Since the founding of the Ashley River colony it had fared ill with the Clarendon colony on Cape Fear River, which under favouring circumstances might perhaps have developed into a Middle Carolina. There were not people enough, and there was not trade enough for so many settlements. So Clarendon dwindled until 1690, when it was abandoned. This left a wide interval of forest and stream between Albemarle and the Ashley River colony, or North Carolina and South Carolina, as they were beginning to be called. The formal separation of Carolina into two provinces did not take place until 1729, but the two colonies were from the outset, as we have seen, distinct and independent growths; and by 1690 the epithets North and South were commonly used.
Philip Ludwell.
Just at this time, however, the two were united under one governor. Colonel Philip Ludwell, of Virginia, who had ably supported Berkeley against Bacon, and had afterward married Berkeley’s widow, was Sothel’s successor in Albemarle in 1689, and he was appointed to succeed him at Charleston in 1691. The proprietors wished to bring all Carolina under one government, and the Albemarle people were requested to send their representatives to the assembly at Charleston, but distance made such a scheme impracticable. The northern colony, however, was often governed by a deputy appointed at Charleston. The troubles were not yet over. Ludwell was an upright and able man, but the disagreements between the settlers and the lords proprietors were more than he could cope with, and in 1692 he was superseded.
John Archdale.
Joseph Blake.
Sir Nathaniel Johnson and the Dissenters.
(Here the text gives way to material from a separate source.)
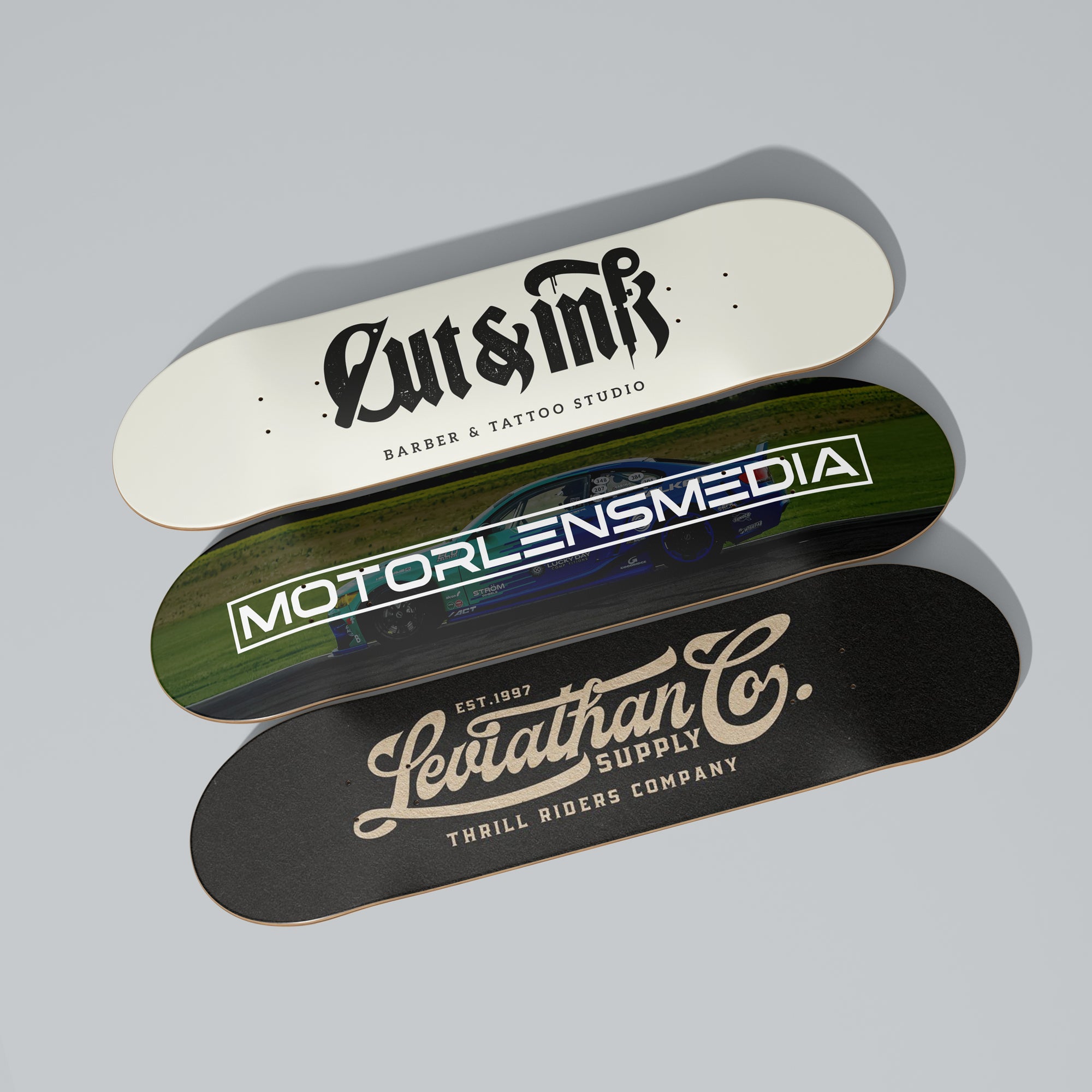 Logo Decks - Your logo or brand on a skateboard.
It is not worth while to recount the names of all the men who served as governors in the two Carolinas. In the world of history there is a certain amount of meaningless mediocrity which a general survey like the present may well pass by without notice. The brief administration of John Archdale, in 1695, marks a kind of era. Archdale was a Quaker, a man of broad intelligence and character at once strong and gentle. He had become one of the lords proprietors, and in that capacity came out to Carolina, where for one year he ruled the whole province with such authority as no one had wielded before; for while he was backed up by the proprietors, he conciliated the assemblies. In the matter of the Indians and the quit-rents much was done, and the veto power of the proprietors was curtailed. After a year Archdale felt able to go home, leaving his friend Joseph Blake, a nephew of the great admiral, as governor in Charleston. Under Blake still further progress was made by admitting to full political rights and privileges the Huguenot immigrants, who had come to be in some respects the most important element in the population of South Carolina. But after Blake’s death, in 1700, it grew stormy again. The new governor, James Moore, came out to make money, and to that end he renewed the vile practice of kidnapping Indians. This presently made it necessary to gather troops and defeat the angry red men. Quarrels with the assembly were chronic. When the war of the Spanish Succession broke out, Moore invaded Florida, but accomplished nothing except the creation of a heavy public debt. In 1703 he was superseded by Sir Nathaniel Johnson, a precious bigot, who undertook to force through the assembly a law excluding from it all Dissenters. This was effected by trickery; the act was passed by a majority of one, in a house from which several members were absent. After the fraud was discovered, the assembly by a large majority voted to repeal the act, but the governor refused to sign the repeal. The Dissenters were perhaps three fourths of the population. They made complaint to the lords proprietors, but a majority of that body sustained the governor. Then a successful appeal was made to the House of Lords, and the proprietors suddenly found themselves threatened with the loss of their charter. The result was a great victory for the South Carolina assembly, which at its next session restored Dissenters to their full privileges.
Unsuccessful attempt of a French and Spanish fleet upon Charleston.
Like many another bigot, Governor Johnson was a good fighter. In August, 1706, Charleston was attacked by a French and Spanish squadron. A visitation of yellow fever, with half a dozen deaths daily in a population of 3,000, had frightened many people away from the town. On a broiling Saturday afternoon five columns of smoke floating lazily up over Sullivan’s Island announced that five warships were descried in the offing. They were French privateers with Spanish reinforcements from Cuba and St. Augustine. When the signal was reported to the governor at his country house, the militia were called together from all quarters and the ships in the harbour were quickly made ready for action. The evening air was vocal with alarm guns. But the enemy approached with such excessive caution that Johnson had ample time for preparation. It was not until Wednesday that the affair matured. Then the French commander sent a flag of truce ashore and demanded, in the name of Louis XIV., the surrender of the town and its inhabitants; the governor, he said, might have an hour to consider his answer. Johnson replied that he did not need a minute, and told the Frenchman to go to the devil. The enemy then landed 150 men on the north shore of the harbour, at Haddrell’s Beacon, but the militia soon drove them into the water, with the loss of a dozen killed and more than thirty prisoners. Many more were drowned in swimming to their boats. Another detachment on the south shore was similarly discomfited. On Thursday Colonel William Rhett, with six small craft heavily armed and a fire-ship, bore down upon the enemy’s fleet. But instead of waiting to fight, the French commander hastily stood out to sea. This conduct, as well as his whole delay, may be explained by the fact that an important part of his force had not come up. The best of the French ships, carrying beside her marine force some 200 regular infantry, did not arrive until Friday, when, in ignorance of the repulse of her consorts, she entered Sewee Bay and landed her soldiers. It was rushing into the lion’s jaws. The soldiers were promptly attacked and put to flight with the loss of one third of their number, while at the same time Colonel Rhett blockaded the bay and took the French ship with all on board. Thus the ill-concerted attack ended in ignominious defeat, with the loss of the best ship and 300 men out of 800.